## TASK:
Beginning with the line that contains "20 Silver Spring Lane", transcribe the rest of the listing below exactly, including its last line, and exclude any pictures.

----- COLLECTED DATA -----

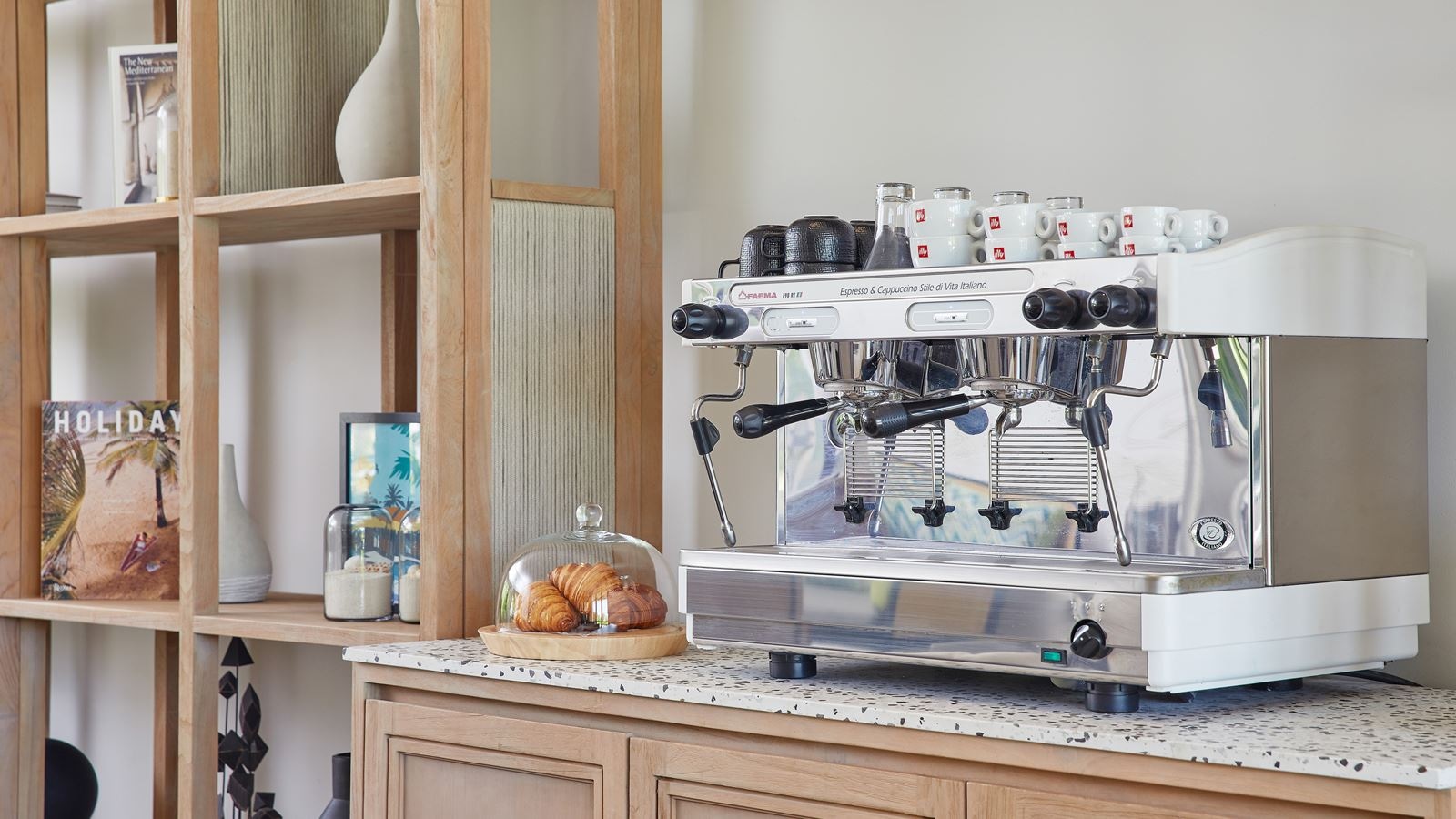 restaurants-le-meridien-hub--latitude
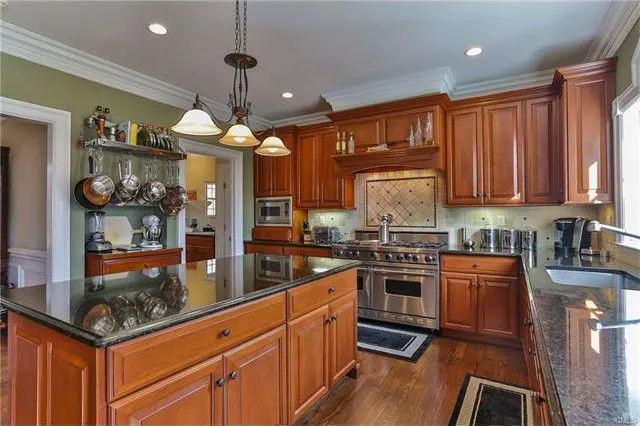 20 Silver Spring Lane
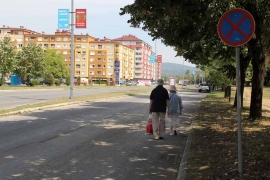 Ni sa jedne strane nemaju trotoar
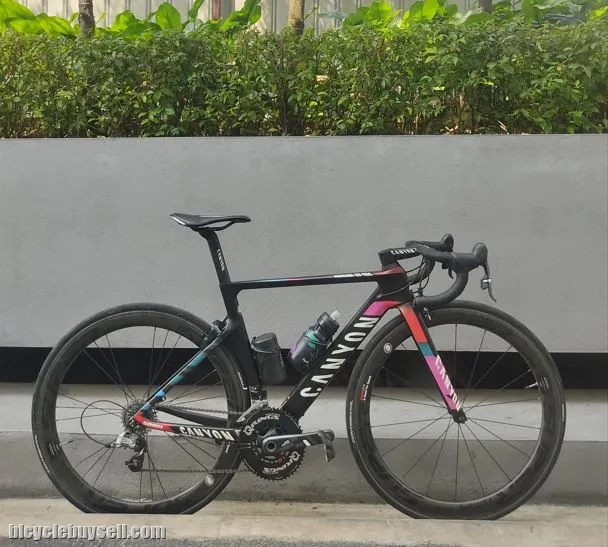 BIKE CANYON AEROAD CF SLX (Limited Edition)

-----

## EXERCISE RESULT:
 20 Silver Spring Lane
 Ni sa jedne strane nemaju trotoar
 BIKE CANYON AEROAD CF SLX (Limited Edition)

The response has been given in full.